[RECORDS]

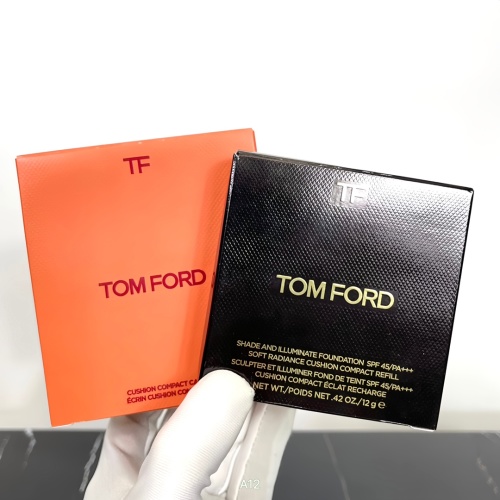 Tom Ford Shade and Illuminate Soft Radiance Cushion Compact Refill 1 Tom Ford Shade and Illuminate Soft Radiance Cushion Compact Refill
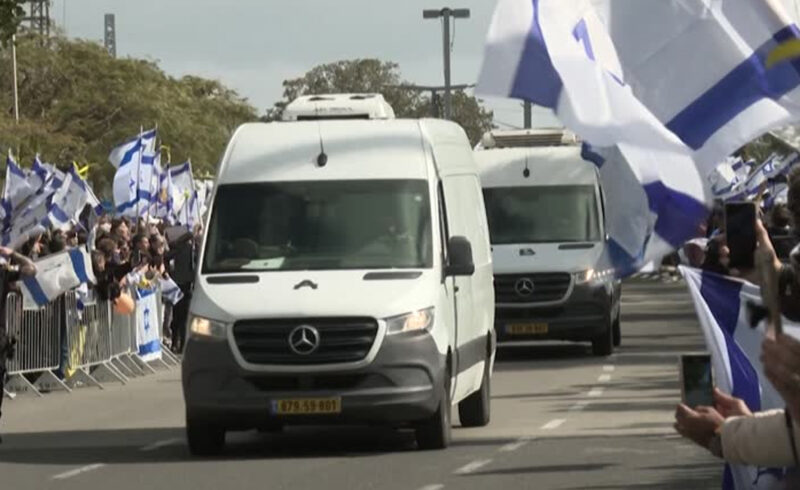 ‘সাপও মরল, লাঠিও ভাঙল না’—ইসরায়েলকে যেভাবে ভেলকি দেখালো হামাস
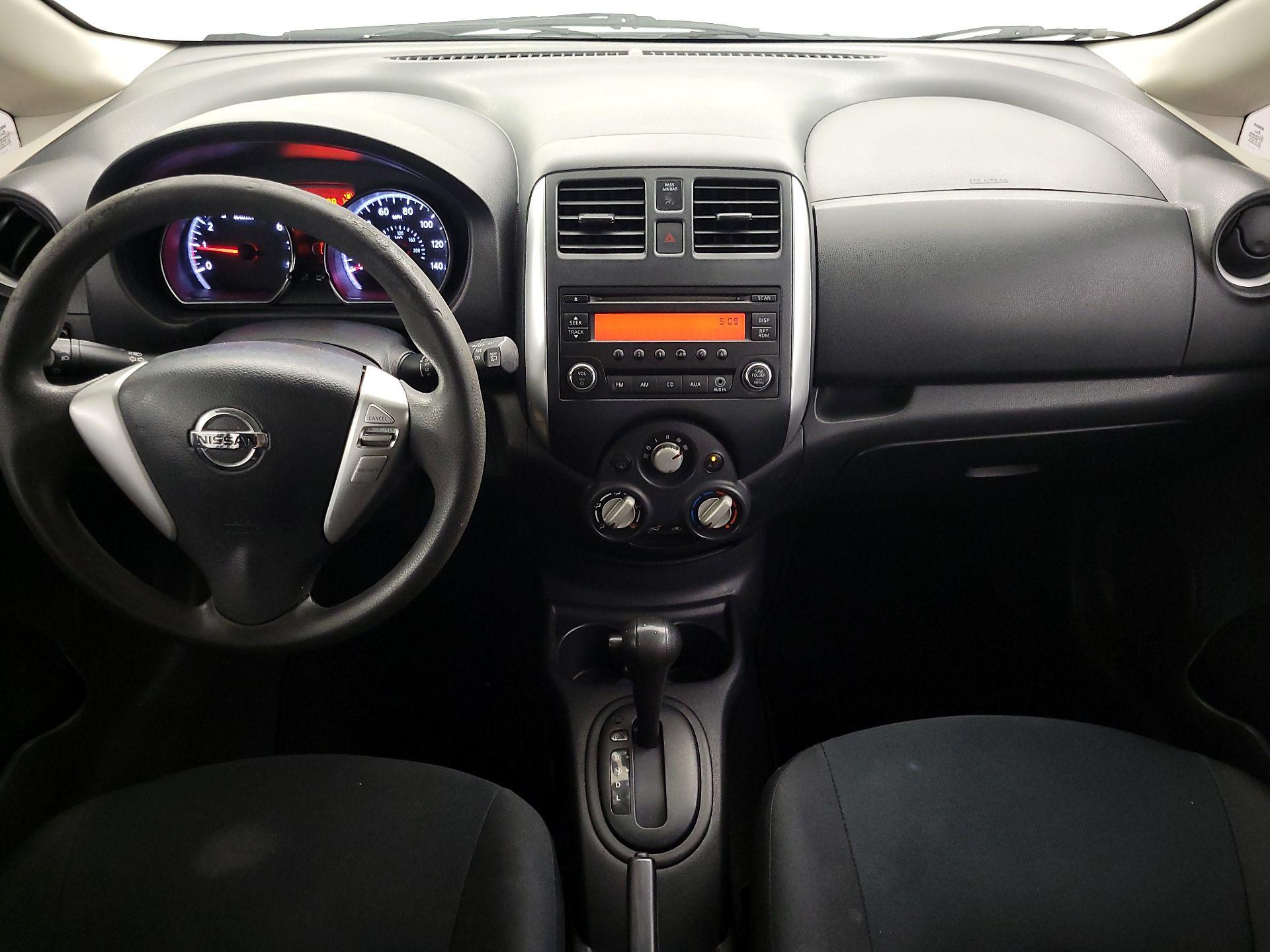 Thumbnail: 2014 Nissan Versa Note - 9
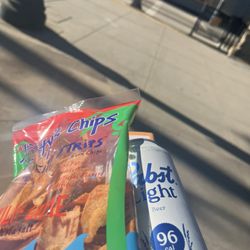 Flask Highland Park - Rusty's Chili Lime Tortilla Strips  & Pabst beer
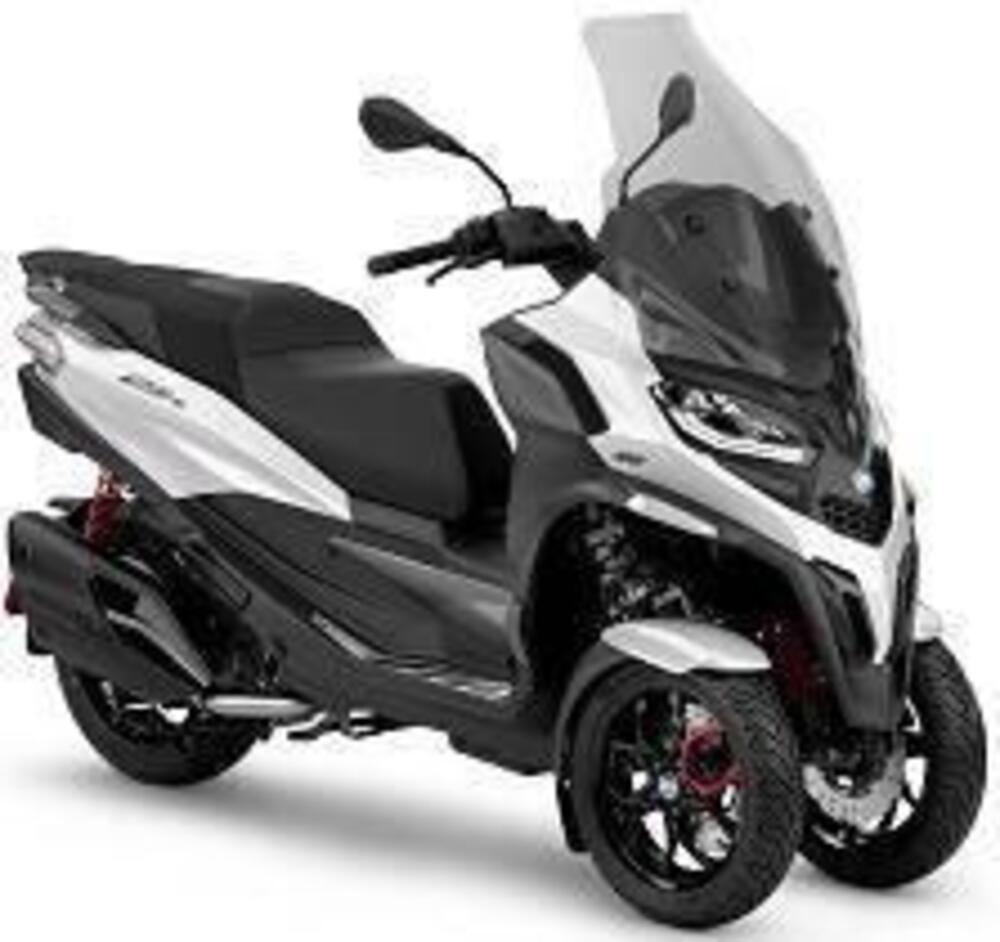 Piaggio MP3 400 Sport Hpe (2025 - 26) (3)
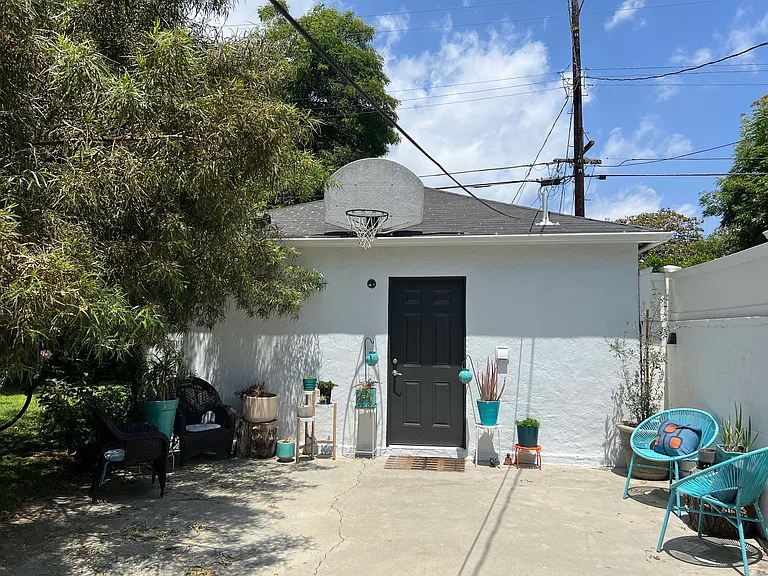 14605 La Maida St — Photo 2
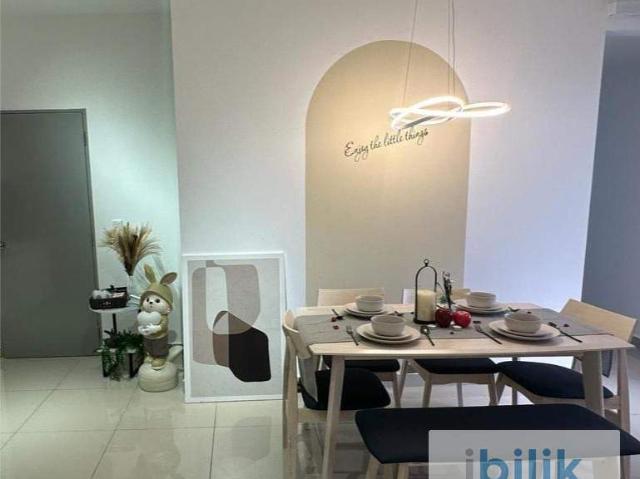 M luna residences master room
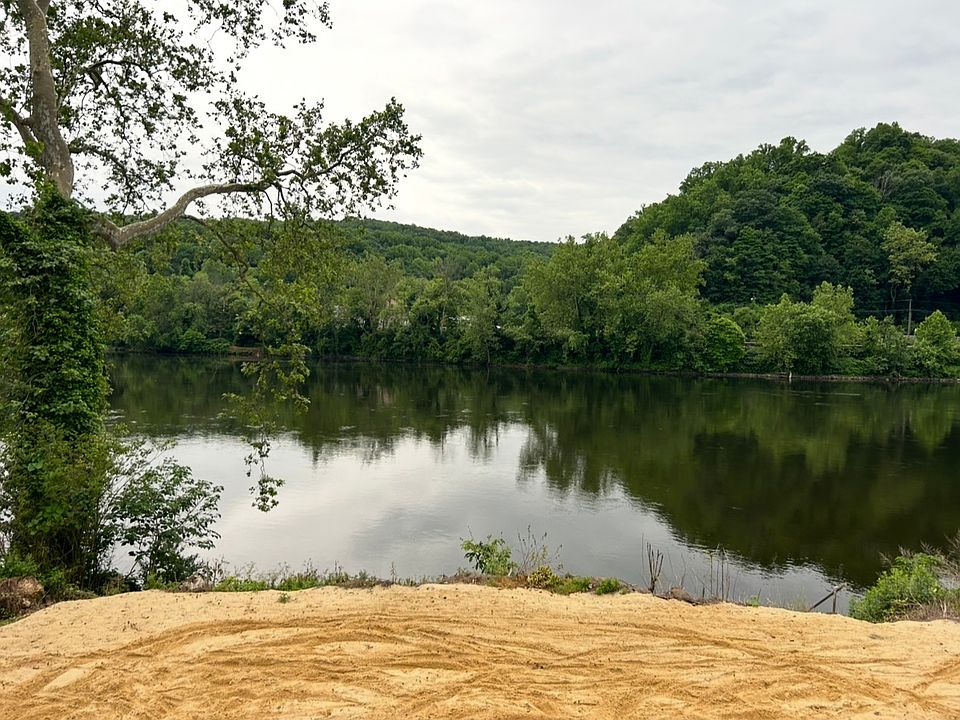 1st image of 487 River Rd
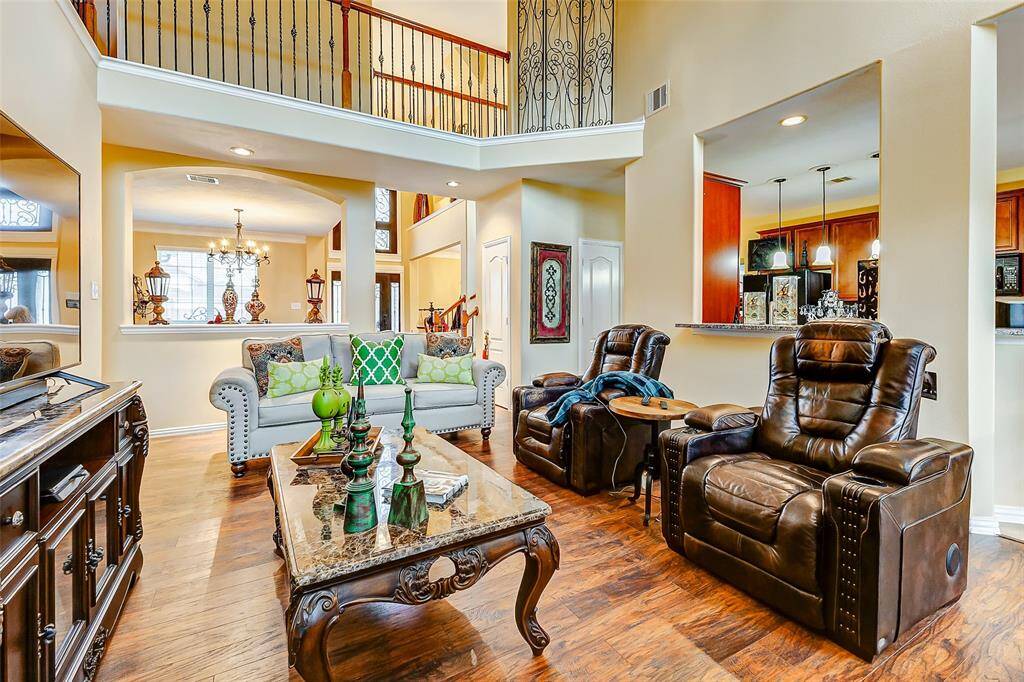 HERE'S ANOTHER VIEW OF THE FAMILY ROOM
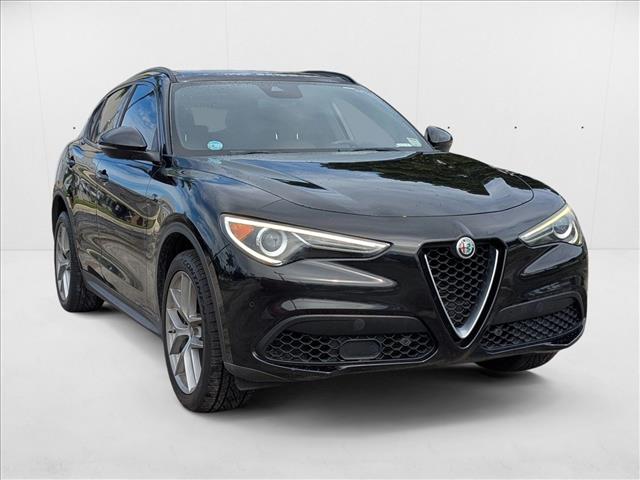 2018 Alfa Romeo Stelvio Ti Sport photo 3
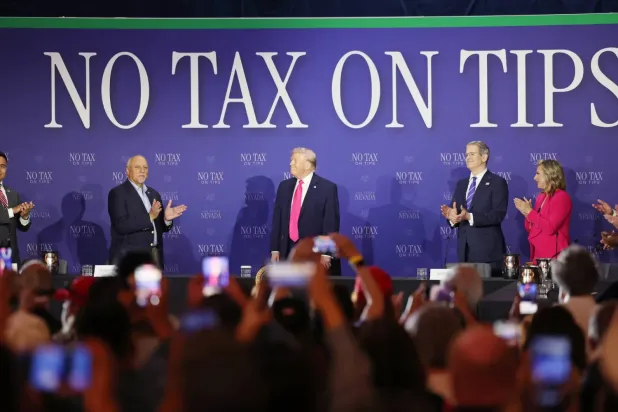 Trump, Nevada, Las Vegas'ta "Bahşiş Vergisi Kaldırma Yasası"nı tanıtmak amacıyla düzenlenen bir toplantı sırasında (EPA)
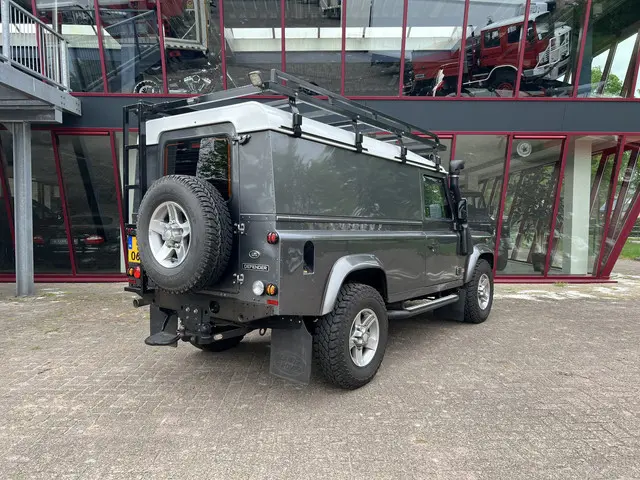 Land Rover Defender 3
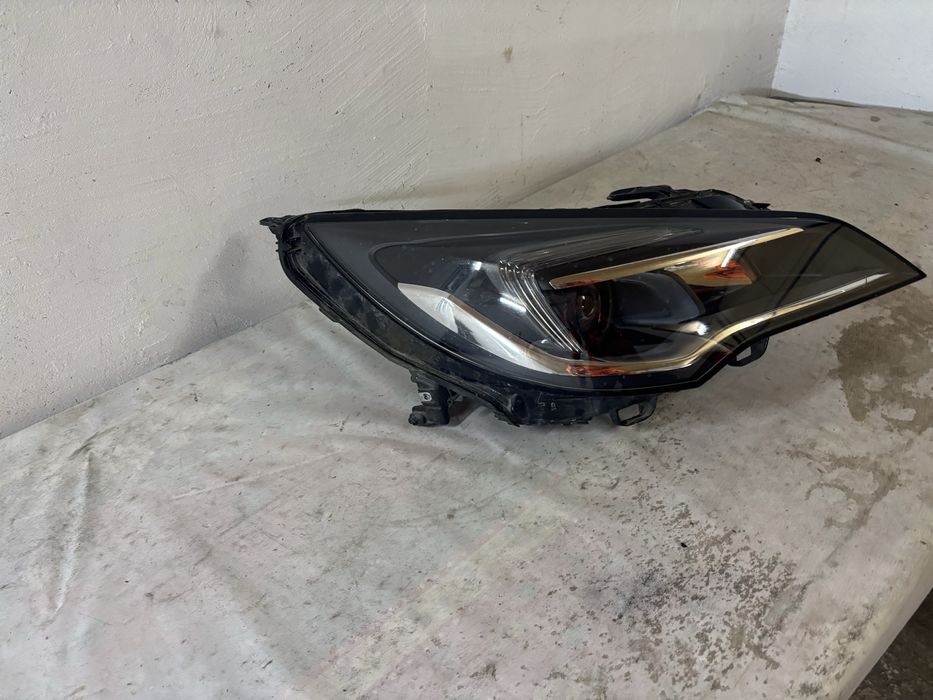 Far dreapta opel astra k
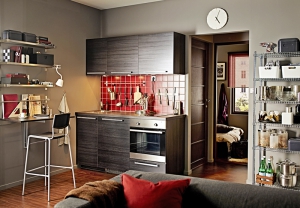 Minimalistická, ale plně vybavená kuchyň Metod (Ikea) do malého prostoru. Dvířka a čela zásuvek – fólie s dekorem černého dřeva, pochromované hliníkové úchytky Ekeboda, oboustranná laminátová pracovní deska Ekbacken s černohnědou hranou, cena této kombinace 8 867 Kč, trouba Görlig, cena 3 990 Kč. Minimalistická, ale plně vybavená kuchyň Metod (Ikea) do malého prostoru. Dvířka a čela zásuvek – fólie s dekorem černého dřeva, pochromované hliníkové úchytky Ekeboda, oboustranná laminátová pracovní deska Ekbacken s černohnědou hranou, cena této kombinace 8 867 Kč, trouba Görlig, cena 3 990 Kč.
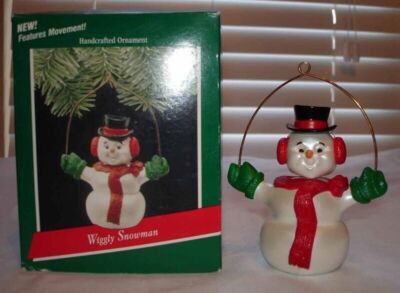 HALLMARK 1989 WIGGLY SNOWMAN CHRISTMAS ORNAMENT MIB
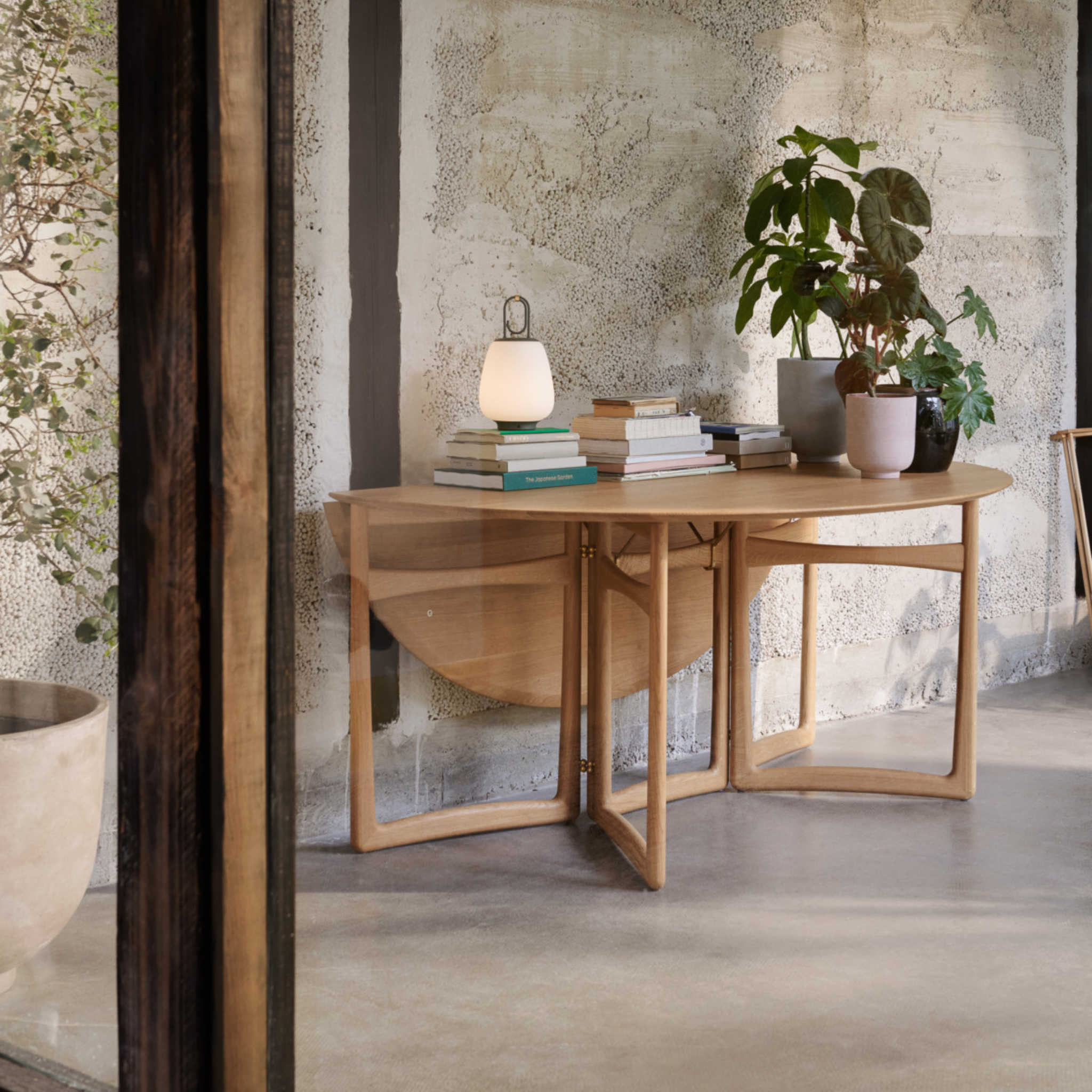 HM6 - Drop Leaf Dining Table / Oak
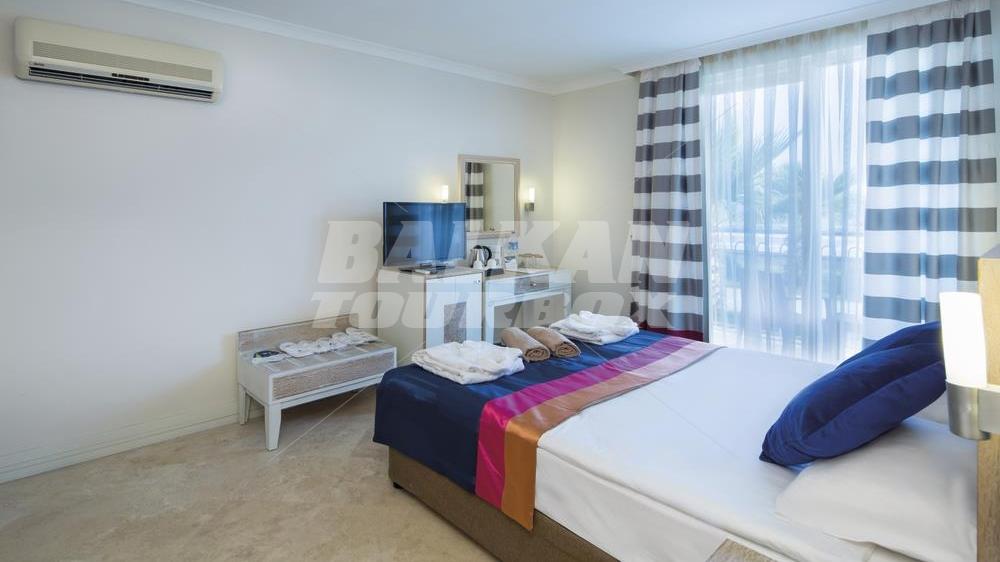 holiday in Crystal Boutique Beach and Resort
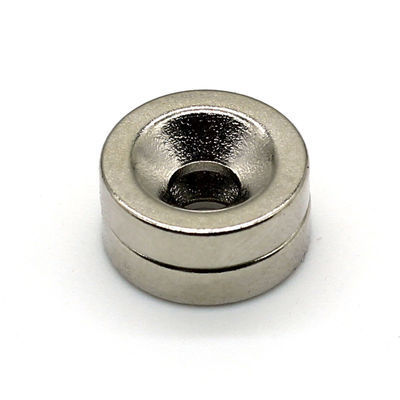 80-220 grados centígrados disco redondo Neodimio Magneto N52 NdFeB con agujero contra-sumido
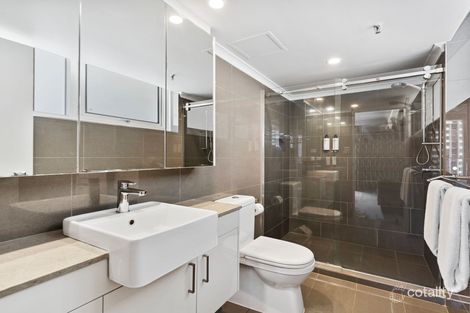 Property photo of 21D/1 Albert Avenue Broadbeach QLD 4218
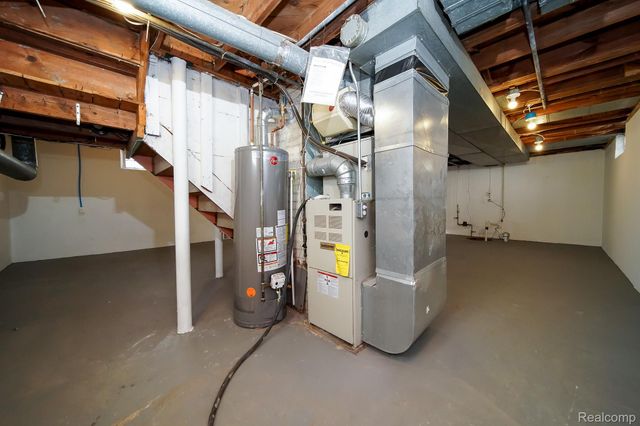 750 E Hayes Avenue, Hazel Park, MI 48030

[/RECORDS]

== WHAT IS EXPECTED ==
Each record above needs to be transcribed word for word, with its pictures omitted.

== PROBLEM SOLUTION ==
 Tom Ford Shade and Illuminate Soft Radiance Cushion Compact Refill 1 Tom Ford Shade and Illuminate Soft Radiance Cushion Compact Refill
 ‘সাপও মরল, লাঠিও ভাঙল না’—ইসরায়েলকে যেভাবে ভেলকি দেখালো হামাস
 Thumbnail: 2014 Nissan Versa Note - 9
 Flask Highland Park - Rusty's Chili Lime Tortilla Strips  & Pabst beer
 Piaggio MP3 400 Sport Hpe (2025 - 26) (3)
 14605 La Maida St — Photo 2
 M luna residences master room
 1st image of 487 River Rd
 HERE'S ANOTHER VIEW OF THE FAMILY ROOM
 2018 Alfa Romeo Stelvio Ti Sport photo 3
 Trump, Nevada, Las Vegas'ta "Bahşiş Vergisi Kaldırma Yasası"nı tanıtmak amacıyla düzenlenen bir toplantı sırasında (EPA)
 Land Rover Defender 3
 Far dreapta opel astra k
 Minimalistická, ale plně vybavená kuchyň Metod (Ikea) do malého prostoru. Dvířka a čela zásuvek – fólie s dekorem černého dřeva, pochromované hliníkové úchytky Ekeboda, oboustranná laminátová pracovní deska Ekbacken s černohnědou hranou, cena této kombinace 8 867 Kč, trouba Görlig, cena 3 990 Kč. Minimalistická, ale plně vybavená kuchyň Metod (Ikea) do malého prostoru. Dvířka a čela zásuvek – fólie s dekorem černého dřeva, pochromované hliníkové úchytky Ekeboda, oboustranná laminátová pracovní deska Ekbacken s černohnědou hranou, cena této kombinace 8 867 Kč, trouba Görlig, cena 3 990 Kč.
 HALLMARK 1989 WIGGLY SNOWMAN CHRISTMAS ORNAMENT MIB
 HM6 - Drop Leaf Dining Table / Oak
 holiday in Crystal Boutique Beach and Resort
 80-220 grados centígrados disco redondo Neodimio Magneto N52 NdFeB con agujero contra-sumido
 Property photo of 21D/1 Albert Avenue Broadbeach QLD 4218
 750 E Hayes Avenue, Hazel Park, MI 48030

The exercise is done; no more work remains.